# Example 3: Optimized hyperparameters

In this example, we optimize the period and variance of the GP prior using the evidence lower bound.

Neuron `r2405_051216b_cell1816` was recorded by Dr. Marius Bauza and the Krupic lab; They have kindly shared this data to evaluate these GP methods. Please cite their work as

> Krupic J, Bauza M, Burton S, O’Keefe J. Local transformations of the hippocampal cognitive map. Science. 2018 Mar 9;359(6380):1143-6.

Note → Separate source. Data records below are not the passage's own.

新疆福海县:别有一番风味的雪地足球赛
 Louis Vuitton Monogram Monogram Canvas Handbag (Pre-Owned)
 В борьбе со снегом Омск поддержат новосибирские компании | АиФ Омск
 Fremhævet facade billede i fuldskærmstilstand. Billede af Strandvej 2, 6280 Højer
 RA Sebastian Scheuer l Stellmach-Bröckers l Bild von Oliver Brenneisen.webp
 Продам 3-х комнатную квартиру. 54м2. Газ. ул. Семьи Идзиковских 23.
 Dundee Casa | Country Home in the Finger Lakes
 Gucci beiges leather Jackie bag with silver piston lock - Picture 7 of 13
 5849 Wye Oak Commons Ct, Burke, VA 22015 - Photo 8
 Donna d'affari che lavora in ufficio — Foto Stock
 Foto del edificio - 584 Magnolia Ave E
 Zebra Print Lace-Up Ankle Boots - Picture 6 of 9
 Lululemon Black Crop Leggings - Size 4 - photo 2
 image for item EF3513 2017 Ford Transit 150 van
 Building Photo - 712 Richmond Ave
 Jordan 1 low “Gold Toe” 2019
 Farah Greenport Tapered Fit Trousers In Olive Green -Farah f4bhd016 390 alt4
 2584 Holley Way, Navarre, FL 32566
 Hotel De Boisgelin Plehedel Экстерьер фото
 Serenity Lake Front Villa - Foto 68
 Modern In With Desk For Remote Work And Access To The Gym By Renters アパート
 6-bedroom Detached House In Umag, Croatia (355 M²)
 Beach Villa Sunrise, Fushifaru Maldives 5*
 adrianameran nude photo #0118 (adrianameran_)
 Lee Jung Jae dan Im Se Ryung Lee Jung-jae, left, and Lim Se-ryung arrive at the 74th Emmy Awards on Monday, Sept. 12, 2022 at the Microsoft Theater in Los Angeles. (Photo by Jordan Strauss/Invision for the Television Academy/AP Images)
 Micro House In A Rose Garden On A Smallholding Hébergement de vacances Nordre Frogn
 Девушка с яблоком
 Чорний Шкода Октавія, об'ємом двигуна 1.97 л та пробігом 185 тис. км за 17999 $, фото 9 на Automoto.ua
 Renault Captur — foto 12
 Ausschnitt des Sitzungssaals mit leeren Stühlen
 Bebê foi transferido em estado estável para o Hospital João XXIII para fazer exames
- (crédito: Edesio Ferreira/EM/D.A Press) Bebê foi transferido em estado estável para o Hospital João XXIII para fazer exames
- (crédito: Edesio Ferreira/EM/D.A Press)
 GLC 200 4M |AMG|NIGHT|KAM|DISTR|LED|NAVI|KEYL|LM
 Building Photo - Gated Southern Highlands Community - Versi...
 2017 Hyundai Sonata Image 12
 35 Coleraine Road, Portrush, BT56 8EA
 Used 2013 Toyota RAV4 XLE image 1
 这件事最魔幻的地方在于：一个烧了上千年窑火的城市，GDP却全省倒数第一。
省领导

## Grid search to find kernel hyperparameters with best evidence lower-bound

In [None]:
import sys
sys.path.append('../')
from lgcpspatial.loaddata        import Dataset
from lgcpspatial.hyperparameters import gridsearch_optimize

# Load a dataset
L       = 128 # Grid size for position bins
datadir = '../example data/'
dataset = 'r2405_051216b_cell1816.mat'
data    = Dataset.from_file(datadir+dataset).prepare(L,doplot=False)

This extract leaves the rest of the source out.